The Breathe Project in Pittsburgh, Pennsylvania, worked with Carnegie Mellon University to create the Breathe Cam – four high-resolution cameras that capture haze and air pollution activity, along with software that visualises the data online. Up and running since December across Pittsburgh, the idea is that residents equipped with accurate information can lobby more effectively for companies and councils to stick to environmental guidelines.

 

Developed by the CREATE Lab at CMU’s Robotics Institute, the Breathe Cam snaps expansive panoramas of the city 24/7, which are available on the Breathe website alongside data taken from sensors on humidity, temperature and wind speed.

 

Randy Sargent, senior systems scientist at the Robotics Institute, says that the cameras have five times the resolutionof 4K television. To use the Breathe system, a resident logs on to one of the cameras, where they can see a view of the city as well as archived footage going back one year. They can see any haze over the cityand display data on fine particles, temperature, sulphur dioxide levels, humidity and wind direction captured by six sensors across the city to let users see what might be causing it.

 

Smoke-stack action

Users can focus on different parts of the city with the Change Detection tool. Selecting one aspect of the view, such as plumes of smoke from a stack, brings up data on pollution levels in that area over previous months, showing when the stack is most active.

The cameras and sensors cover about 200 square kilometres of the city and surrounding areas. Users can share the images and data on social media and can take snapshots of the air quality to send to city officials.

 

The cameras, and similar ones such as Camnet in Boston and Hazecam in Cleveland, Ohio, allow residents to “see” the pollution in a way they couldn’t before, says Ben Barratt at King’s College London. “The reason that the smog in Beijing is so notorious is people can see the pollution,” he adds.

 

Monitor your area

Other cities and groups have also deployed systems to track and visualise smog and haze, using maps or videos. They include London Air, developed at King’s, and the Dublin Dashboard in Ireland’s capital. Amsterdam’s Smart City initiative is attempting to increase civic involvement by encouraging residents themselves to install its air-quality sensors where they live.
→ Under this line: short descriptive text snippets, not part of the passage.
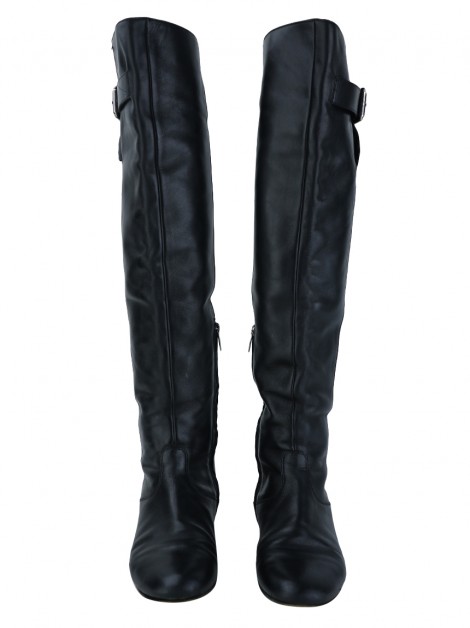 Bota Gianvito Rossi Couro Preto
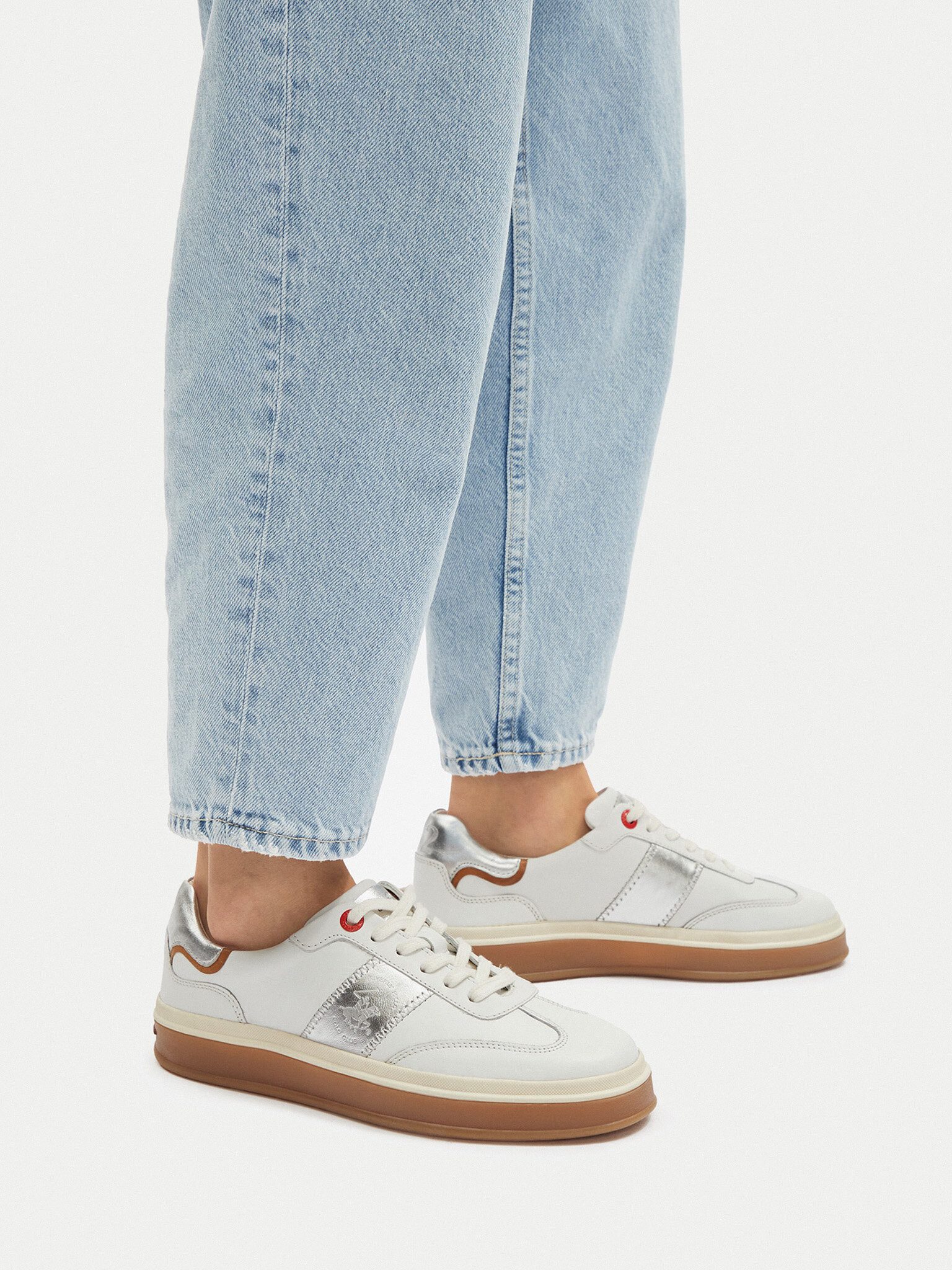 BEVERLY HILLS POLO CLUB Beverly Hills Polo Club Damenschuhe Weiß WI34-3410-17438-01 Sneaker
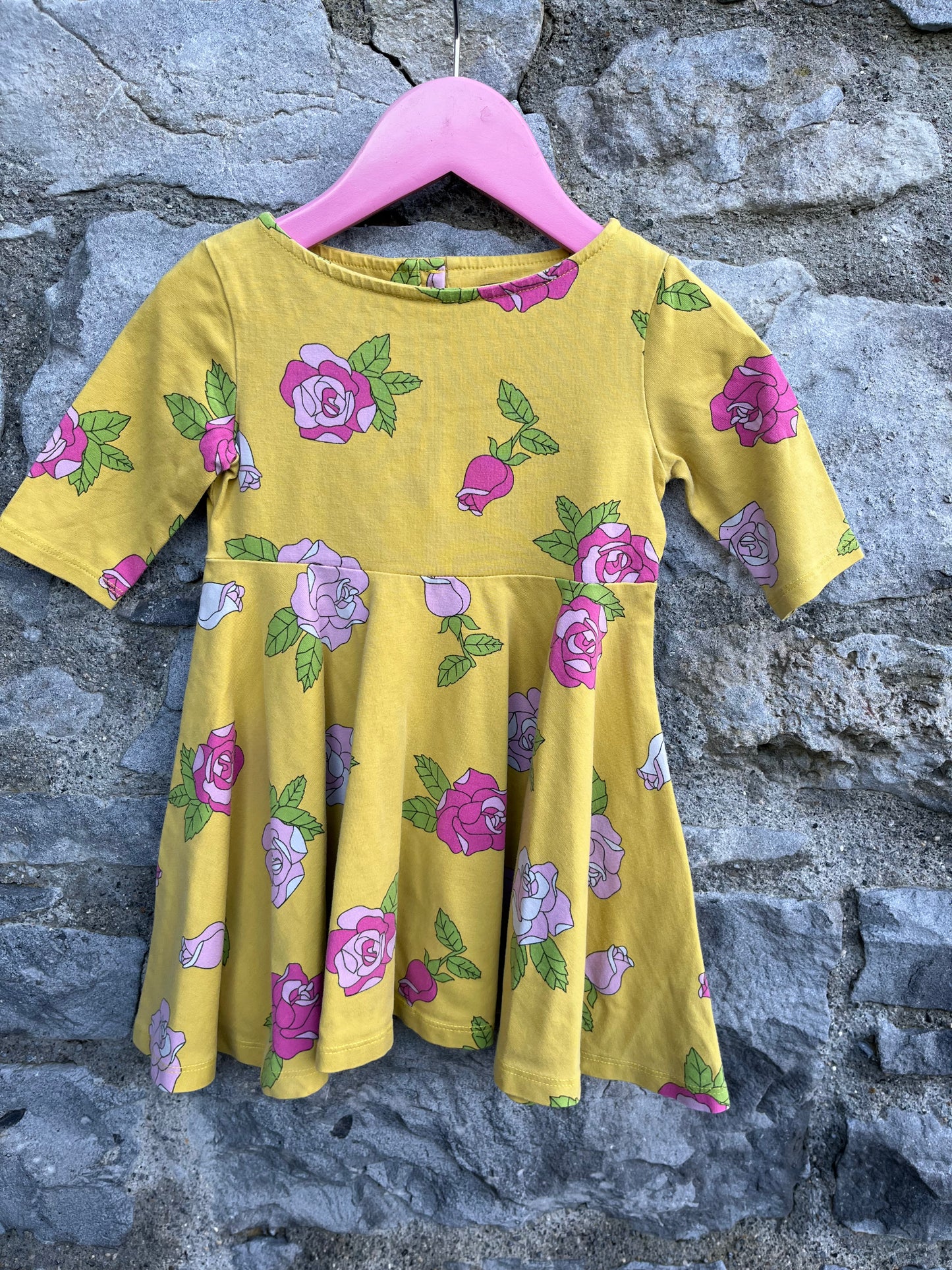 PoP yellow roses dress 18-24m (86-92cm)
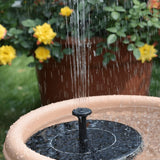 Solar Bird Bath Fountain  Solar-Powered Garden Water Feature - Product detail 4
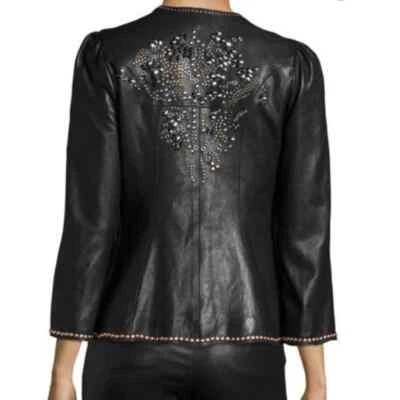 NWT Isabel Marant Lambskin Leather Veste Blizzy Jacket 2017 Size 36 NEW $2,390 - Image 1 of 4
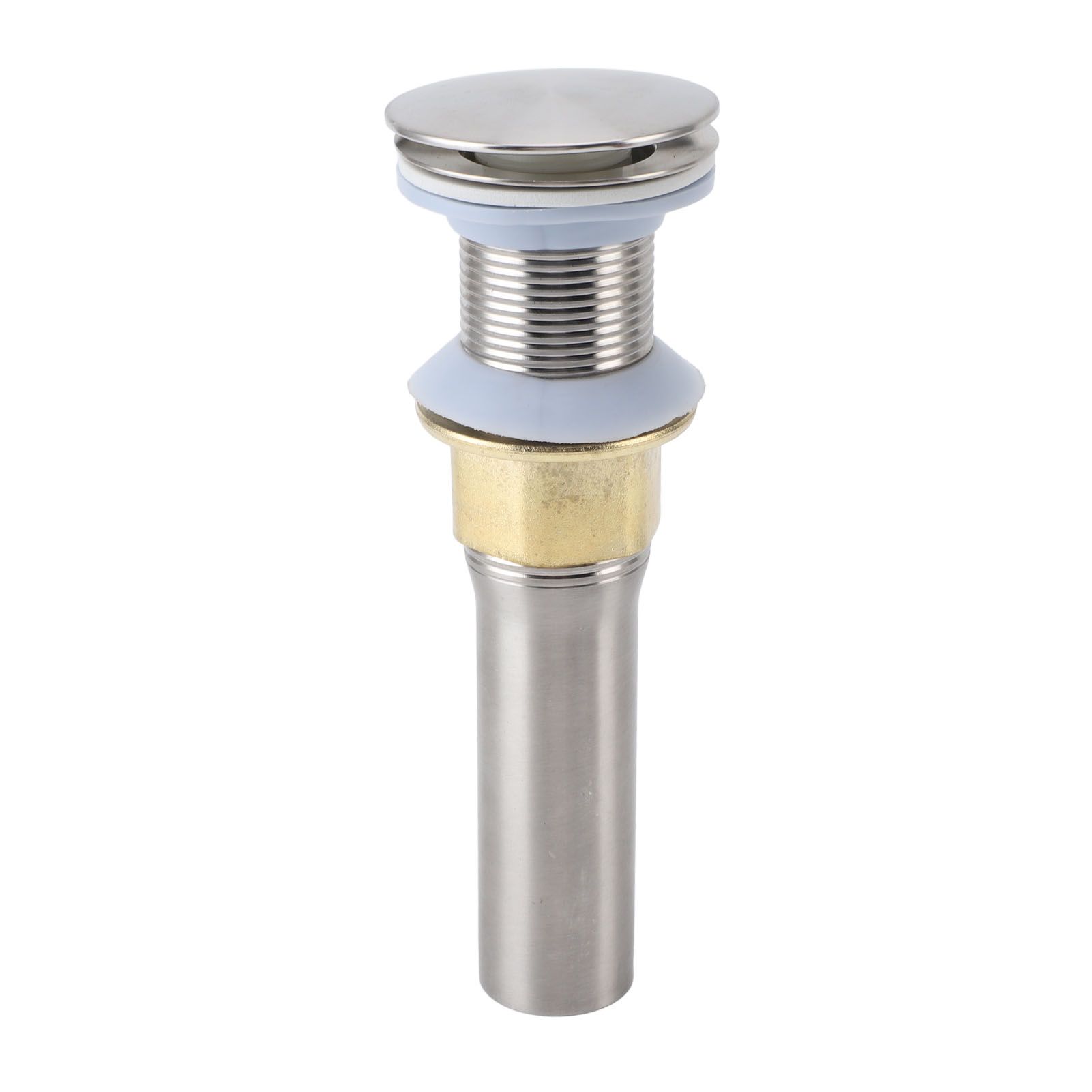 Popup Sink Drain Stainless Steel Leakage Proof Brushed Ni Finish Drain Stopper view 3
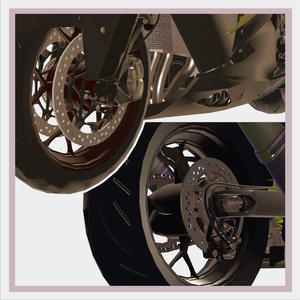 バイクモデル  KC1400A20 とバイク衣装(Motorcycle Gear) 缩略图 12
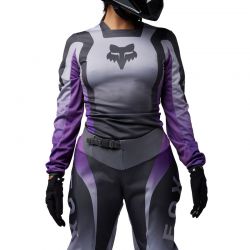 BLUZA FOX LADY 180 LEAN DARK PURPLE  ENDURO CROSS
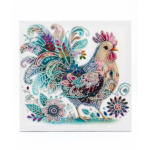 Tableau diamante thème du Coq 20x20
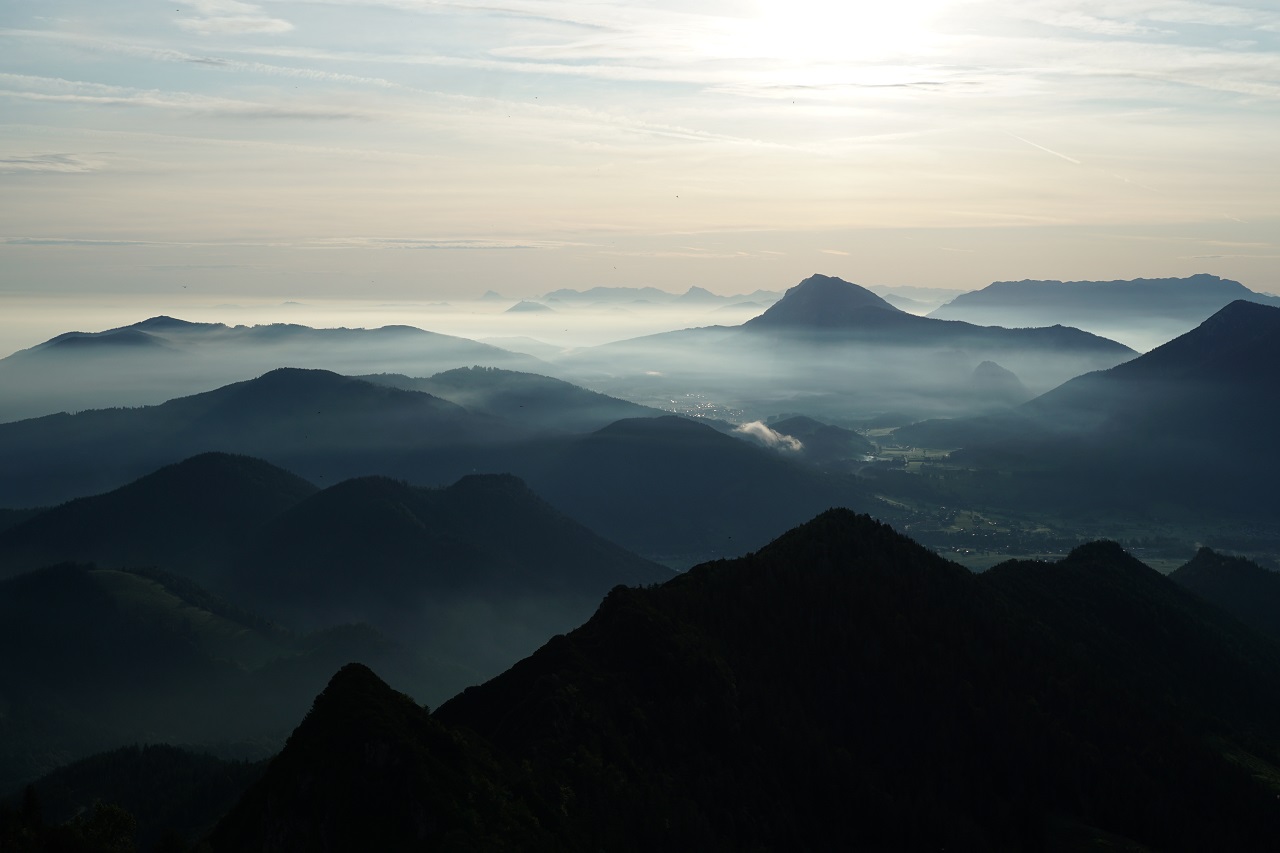 Kaltes Morgenlicht auf 1600m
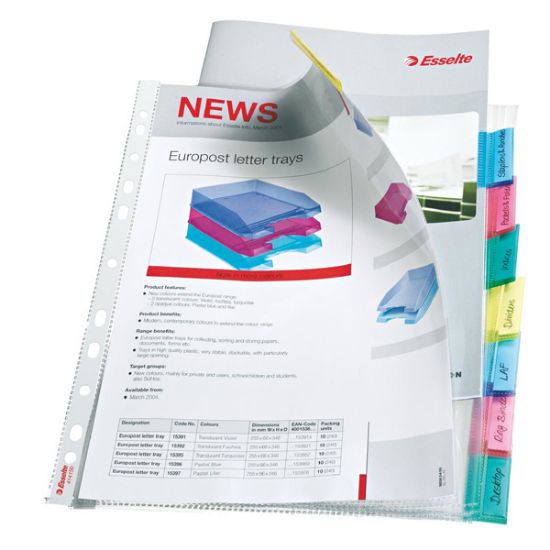 Esselte Poşet Dosya Ayraçlı 8 Lİ 414150 (1 Adet) resmi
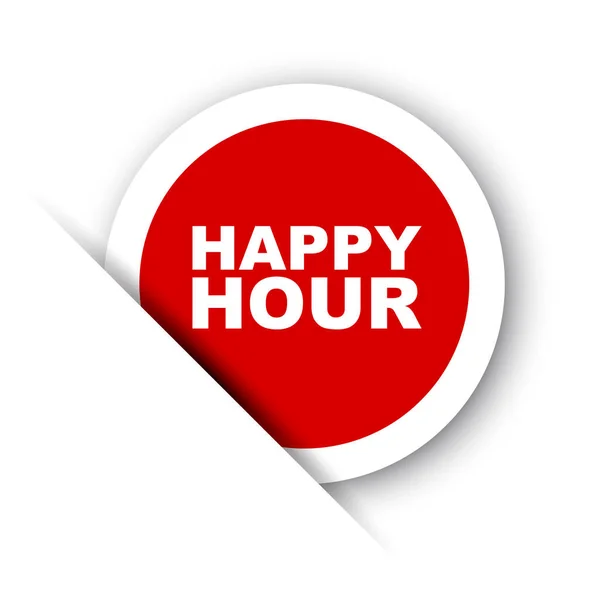 Red vector banner happy hour — Stock Vector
Response to the cameras has been positive so far, says Johnson. “It’s a tool that is giving people the ability to learn about air quality in Pittsburgh in a way that they never had access to,” he says.

 

Local groups in Pennsylvania are now deploying their own camera systems. For example, residents in Allegheny County are using the software developed by Sargent and his team to specifically monitor the local Shenango coke plant and ensure it is complying with regulations.

Sargent says that faster broadband speeds and improvements in camera technology have helped. “Five years ago the computing power and the storage would have been prohibitively expensive,” he says.

 

Roy Harrison at the University of Birmingham, UK, welcomes these sorts of awareness-raising systems in cities. “Air pollution is a major public health issue which ranks highly amongst the avoidable causes of death in both the developed and less-developed world,” he says, “so no hype is necessary, just the facts.”